**Your assignment**
Extract the text of each entry below exactly, leaving every image behind.

**Data extracts**
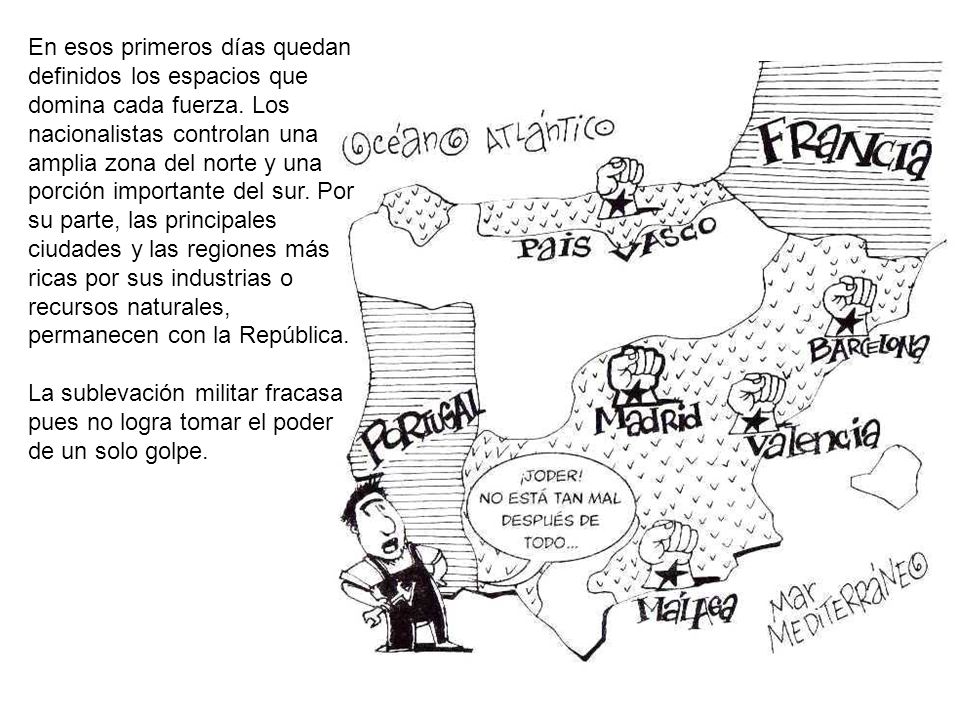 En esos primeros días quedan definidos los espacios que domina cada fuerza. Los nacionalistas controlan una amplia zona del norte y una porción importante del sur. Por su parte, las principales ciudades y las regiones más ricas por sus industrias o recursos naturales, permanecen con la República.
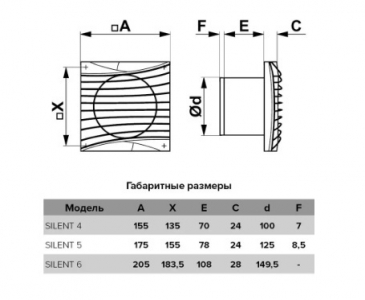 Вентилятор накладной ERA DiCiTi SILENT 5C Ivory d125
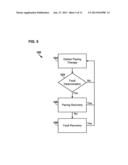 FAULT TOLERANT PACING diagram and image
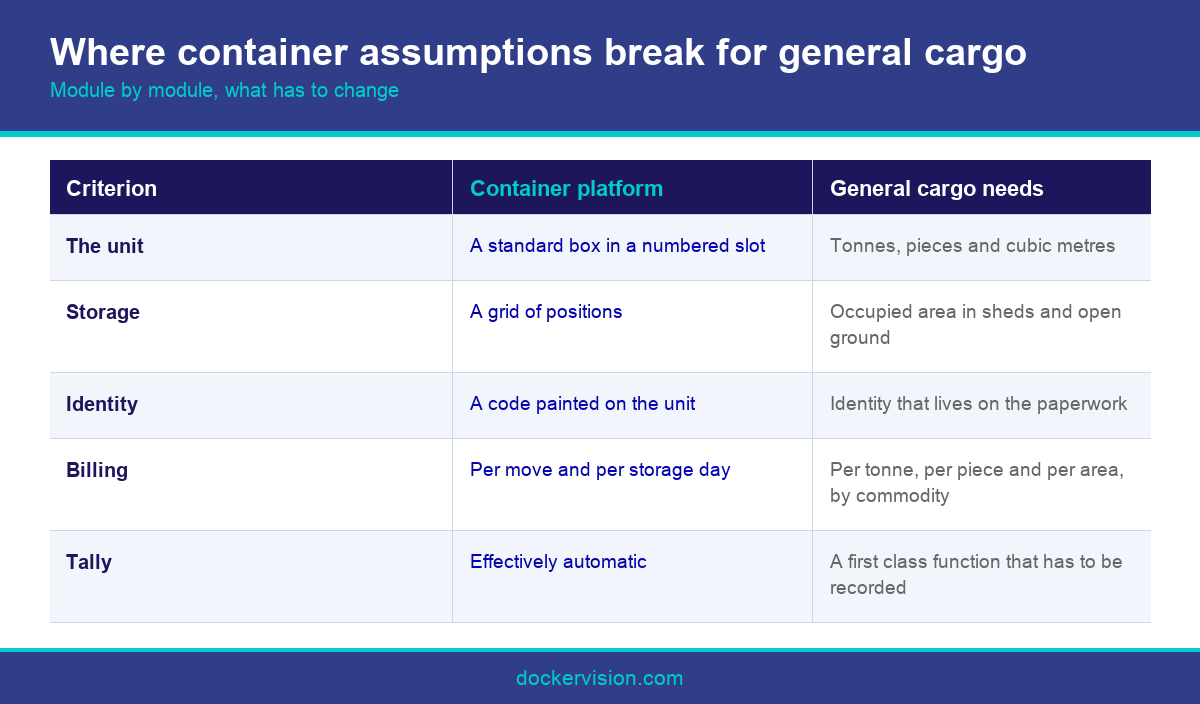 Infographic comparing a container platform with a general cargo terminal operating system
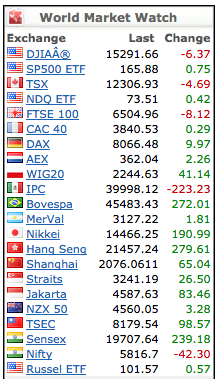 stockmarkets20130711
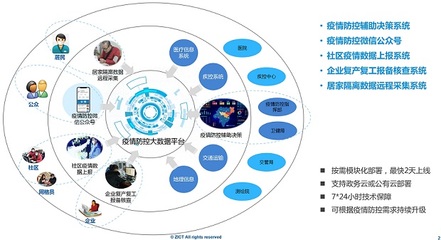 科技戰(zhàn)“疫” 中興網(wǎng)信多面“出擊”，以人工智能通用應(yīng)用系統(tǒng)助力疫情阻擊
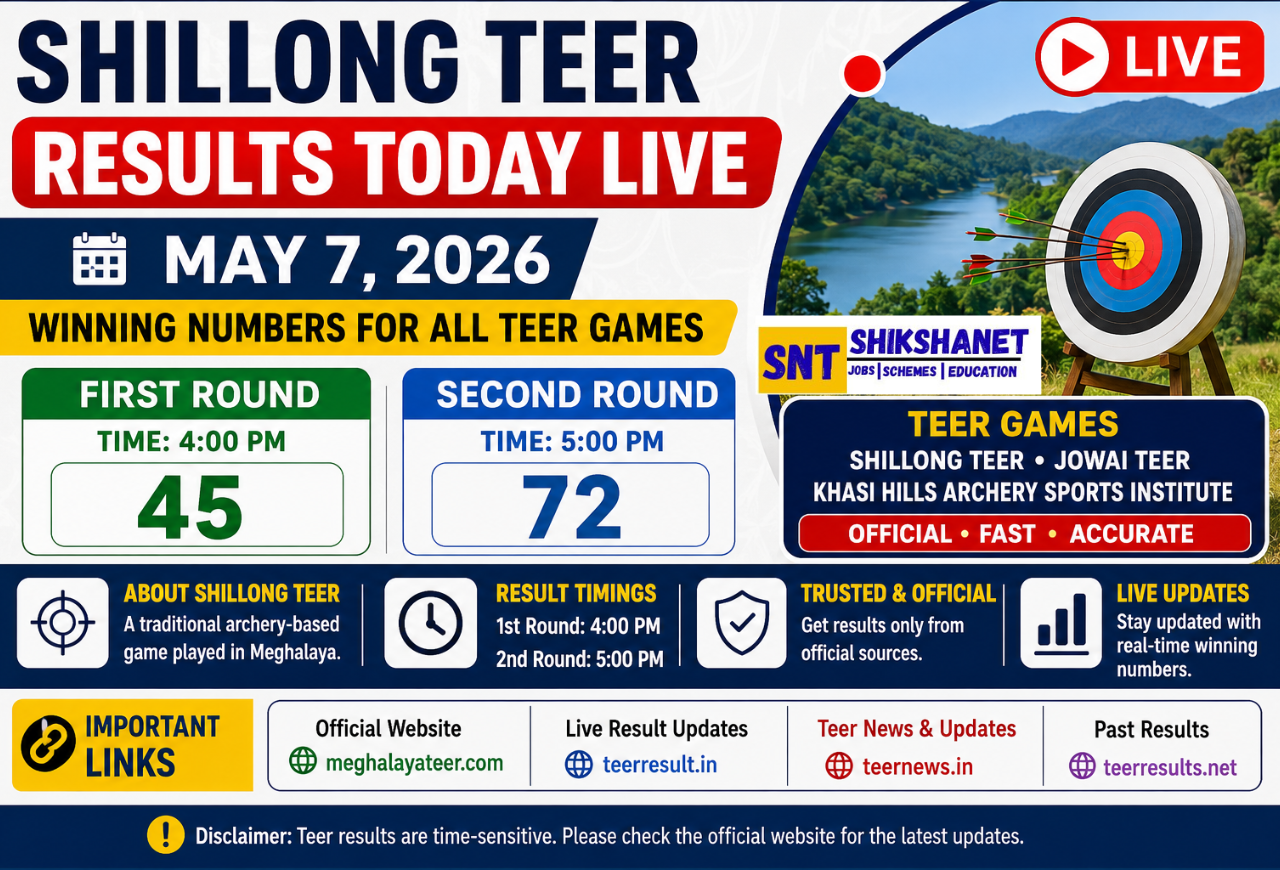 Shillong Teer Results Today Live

**Output below**
 En esos primeros días quedan definidos los espacios que domina cada fuerza. Los nacionalistas controlan una amplia zona del norte y una porción importante del sur. Por su parte, las principales ciudades y las regiones más ricas por sus industrias o recursos naturales, permanecen con la República.
 Вентилятор накладной ERA DiCiTi SILENT 5C Ivory d125
 FAULT TOLERANT PACING diagram and image
 Infographic comparing a container platform with a general cargo terminal operating system
 stockmarkets20130711
 科技戰(zhàn)“疫” 中興網(wǎng)信多面“出擊”，以人工智能通用應(yīng)用系統(tǒng)助力疫情阻擊
 Shillong Teer Results Today Live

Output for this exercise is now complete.